Sementara nyawa si ibu tak terselamatkan.
Tak hanya konflik kekuasaan yang terjadi dalam
keluarga tersebut, Zeus pun melakukan hubungan badan dan memperkosa saudari
kandungnya (incest), bernama Hera dan Demeter. Zeus pun dikabarkan
pernah memperkosa anak hasil hubungannya dengen Demeter, bernama Persephone.
Tak cukup sampai di situ, Zeus diceritakan pernah menyamar sebagai burung elang
demi bisa menculik seorang remaja laki-laki dari bumi bernama Ganymede, lalu dia
membawanya ke singgasananya di Olimpus. Remaja laki-laki tersebut dijadikan
kekasihnya dan ditugaskan untuk melayani para dewa di Olimpus.

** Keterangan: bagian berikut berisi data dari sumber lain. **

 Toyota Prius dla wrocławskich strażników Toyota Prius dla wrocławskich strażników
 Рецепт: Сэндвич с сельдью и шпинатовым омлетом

Anda boleh percaya, dan boleh pula menyangkalnya.
Namun pada realitanya, sosok Zeus dan para dewa-dewi dalam mitologi Yunani
pernah menjadi sosok yang dituhankan oleh masyarakat Yunani kala itu, mereka
membangun kuil peribadahan untuk para dewa tersebut.
Akal dan hati manusia manapun pasti akan merasakan bahwa hal di atas sangat jauh dari nilai-nilai rasionalitas dan nilai-nilai kemanusiaan. Sama sekali tidak masuk akal. Namun, seperti itulah mitologi yang berkembang di Yunani dan sebagian besar Eropa kala itu. Hidup dalam budaya paganisme, menjadi pertanda bagi fase kemunduran peradaban suatu umat manusia.
Kami sadar, bahwa bahan-bahan yang kami miliki untuk masuk ke dalam tema
tersebut amat sangat kurang. Karena pembahasan tersebut terkait dengan faktor
penulisan sejarah atau bersifat kronologis semata. Maka untuk lebih
mendalaminya, kami ingin melakukan sebuah komparasi atau studi banding antara
realita di dunia Barat kala itu dengan realita yang terjadi di dunia Timur,
terutama dunia Islam. Karena suatu pembahasan atau pemahaman akan lebih nampak
esensi dan definisinya tatkala iya dihadapkan dengan lawannya. Sebagaimana sya’ir
Arab menyebutkan,
فَالضِّدُّ يُظْهِرُ حُسْنَهُ الضِّدُّ وَبِضِدِّهَا تَتَبَيَّنُ الْأَشْيَاءُ
“Maka dengan adanya lawan, maka akan nampaklah kebaikan lawan tersebut. Dan dengan adanya lawan, segala sesuatu akan nampak jelas.”
Untuk itu hal pertama yang akan kami jelaskan adalah mengenai;
- Kedudukan mitos yang berkembang di suatu negeri dan kaitannya dengan penulisan sejarah.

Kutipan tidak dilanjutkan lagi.